Krutwig and Lucas Williamson are the only players left from the 2018 Final Four team, but the foundation is the same: stingy defense, unselfish offense and an unshakeable faith. And I don’t just mean the influence of Sister Jean, who hectored Loyola and NCAA officials until they allowed her to come to Indianapolis, her first trip outside the facility where she lives since the COVID-19 pandemic began.

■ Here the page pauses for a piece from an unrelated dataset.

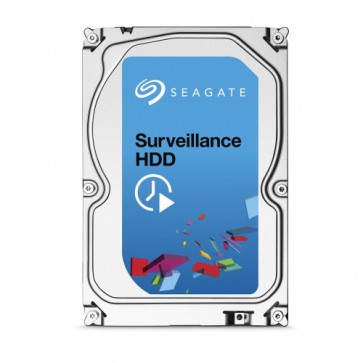 Диск Seagate Surveillance 3TB  ST3000VX006 64MB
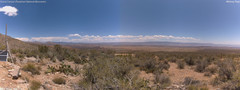 view from Whitney Pass on 2025-06-08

The Ramblers aren’t flashy. You won’t hear them trash talking or see them stunting for the cameras. That huddle behind Krutwig as he did his post-game interview? Coach Porter Moser had to tell them to do that, urging them to soak in every moment of this incredible experience.
“I wanted them to stay out and enjoy it because that etches in your memory, that moment right there, and feeling all the work you've put in, all the effort you do to stay together, sacrifices you make, especially this year, the sacrifices we made this year,” Moser said. “I just didn't want to rush in the locker room. Stand out there and enjoy it.”
But Loyola is not starry-eyed and just happy to be here. It might be a mid-major, but the Final Four run taught Krutwig and Williamson that they can play with anyone, and they’ve helped Moser pass that onto the rest of the team.
That’s what makes them so dangerous. When Moser or one of his players says they believe they can beat someone, be it Missouri Valley rival Drake or top-seeded Illinois, it’s not a cliché or a canned answer.
“I've said this before as the coach of Loyola: It's amazing what happens when you get a group of young men who believe,” Moser said. “This wasn't just the switch they flipped the last 48 hours. These guys have invested in what we do and they believe in it. It’s just a great group of guys that believe.”
It’s hard to imagine now, but there was a time when Gonzaga was the little school that could. A warm and fuzzy story about a small school from the Pacific Northwest that would wreak havoc every couple of years.
Now look at the ‘Zags. They’re a bona fide national powerhouse, NCAA runners-up in 2017 and a No. 1 seed four times in the last eight tournaments. They’re the overall No. 1 seed this year, and are looking to become the first team since Indiana in 1976 to go unbeaten.
If a team like Gonzaga can do it, it’s not such a stretch to believe Loyola can, too.
“If they can beat Illinois,” Sister Jean said last week, “they can beat anybody.”
Three years ago, that idea might have seemed preposterous. But Loyola has made it a reality, one that’s impossible to deny.